WHAT TO PRODUCE. Your copy should hold only the lines from the one with "Hair salon with" to the one with "a woman standing", both included, each exactly as it stands below, with no pictures.
RECORDS FOR THIS EXERCISE Block Start
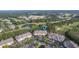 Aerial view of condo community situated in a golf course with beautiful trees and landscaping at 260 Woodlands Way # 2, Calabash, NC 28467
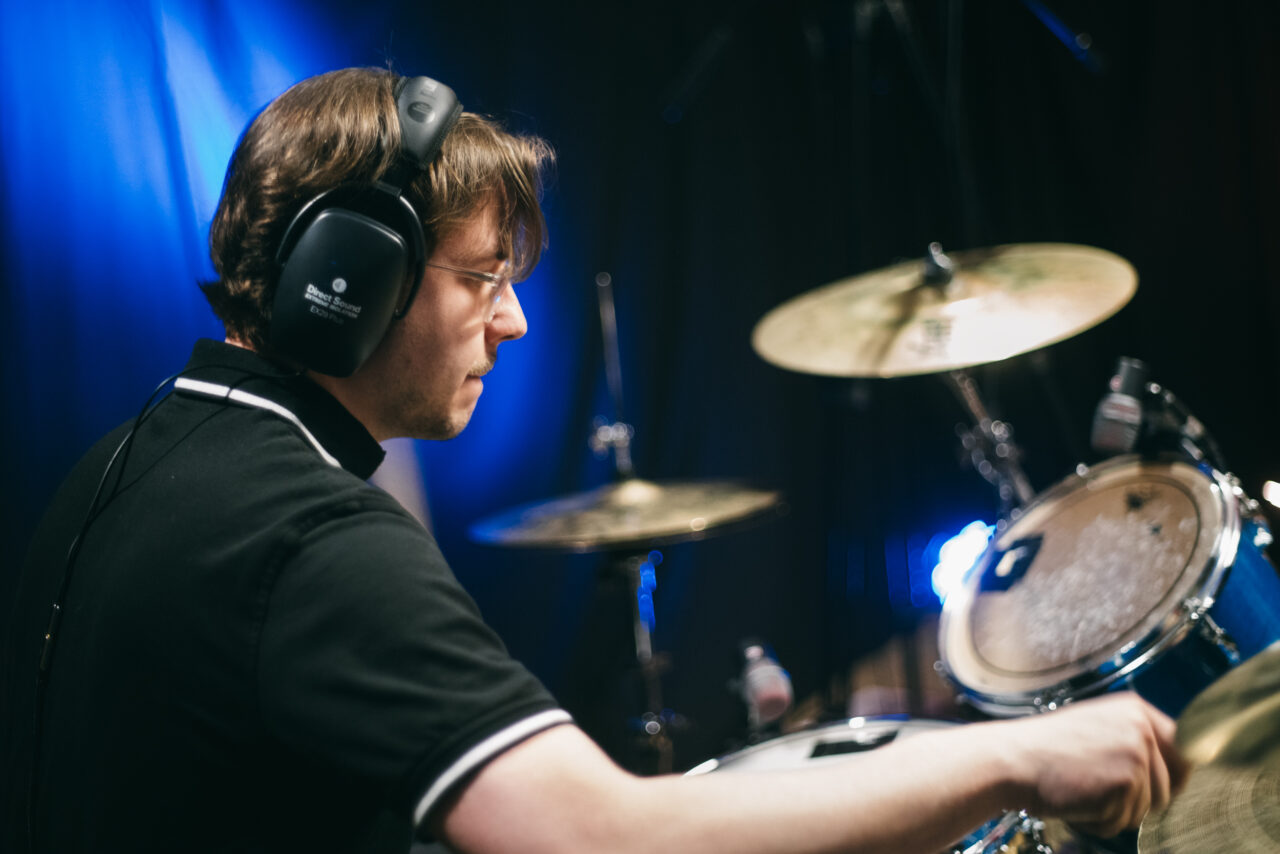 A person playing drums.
RECORDS FOR THIS EXERCISE Block End
RECORDS FOR THIS EXERCISE Block Start
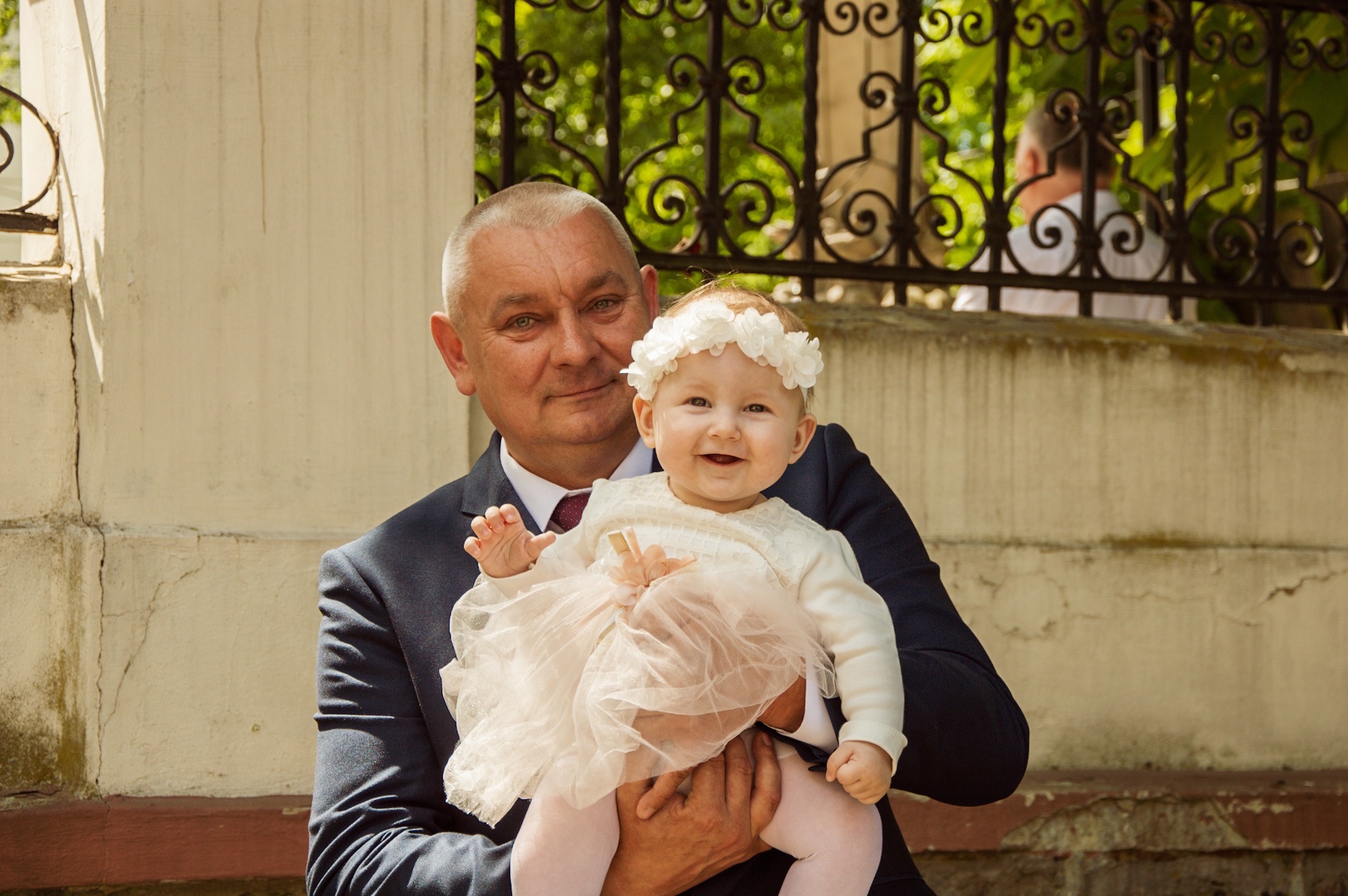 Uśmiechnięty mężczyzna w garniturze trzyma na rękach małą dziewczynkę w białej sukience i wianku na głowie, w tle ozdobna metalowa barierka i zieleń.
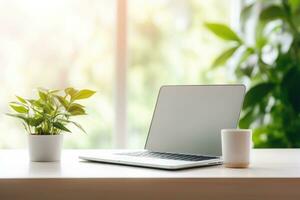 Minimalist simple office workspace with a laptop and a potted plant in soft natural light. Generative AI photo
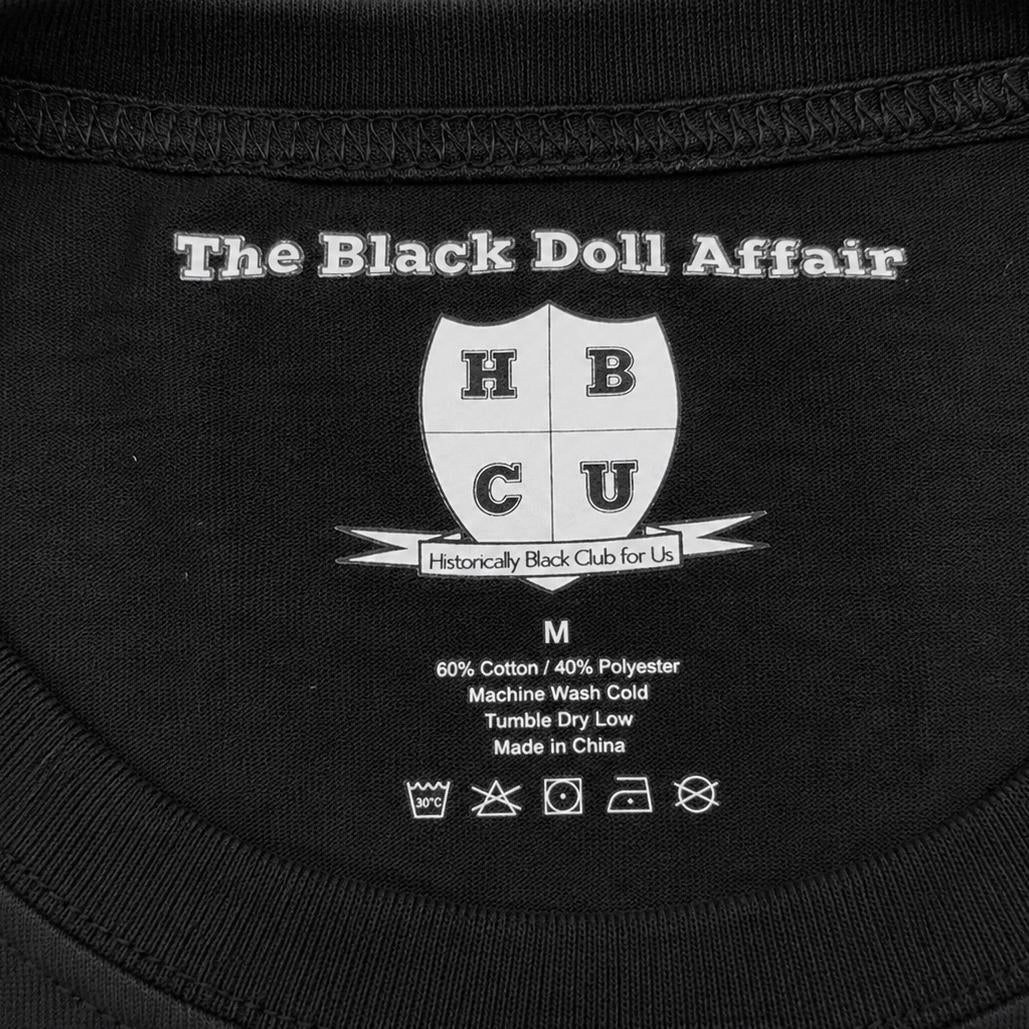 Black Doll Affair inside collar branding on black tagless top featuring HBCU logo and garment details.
RECORDS FOR THIS EXERCISE Block End
RECORDS FOR THIS EXERCISE Block Start
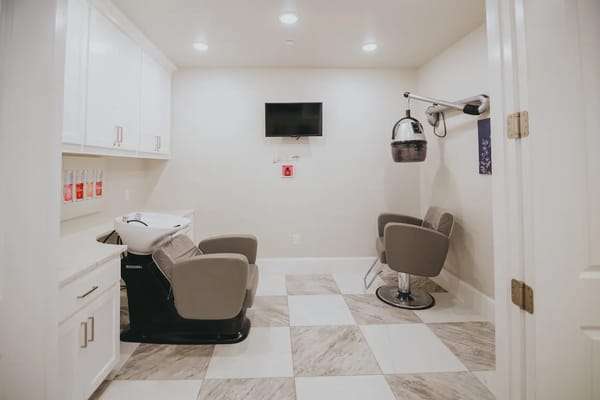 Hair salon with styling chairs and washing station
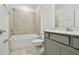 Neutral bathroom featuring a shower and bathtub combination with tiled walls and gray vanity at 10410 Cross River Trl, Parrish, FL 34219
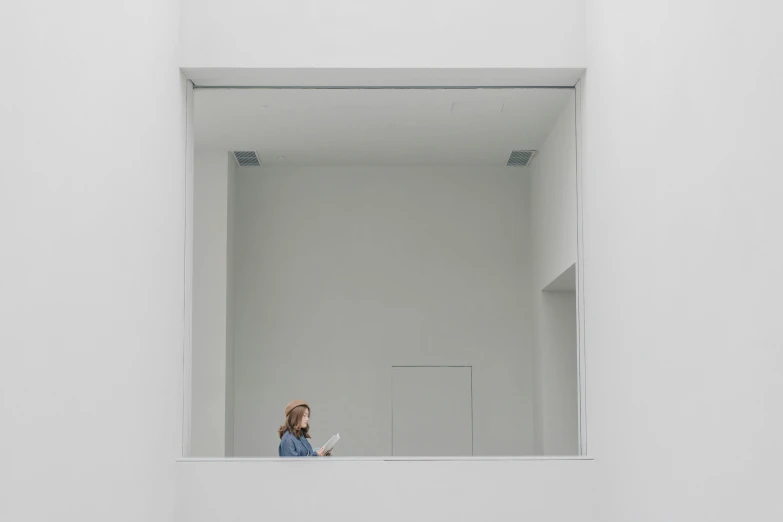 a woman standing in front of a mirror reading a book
RECORDS FOR THIS EXERCISE Block End
RESULT OF THIS TASK.
 Hair salon with styling chairs and washing station
 Neutral bathroom featuring a shower and bathtub combination with tiled walls and gray vanity at 10410 Cross River Trl, Parrish, FL 34219
 a woman standing in front of a mirror reading a book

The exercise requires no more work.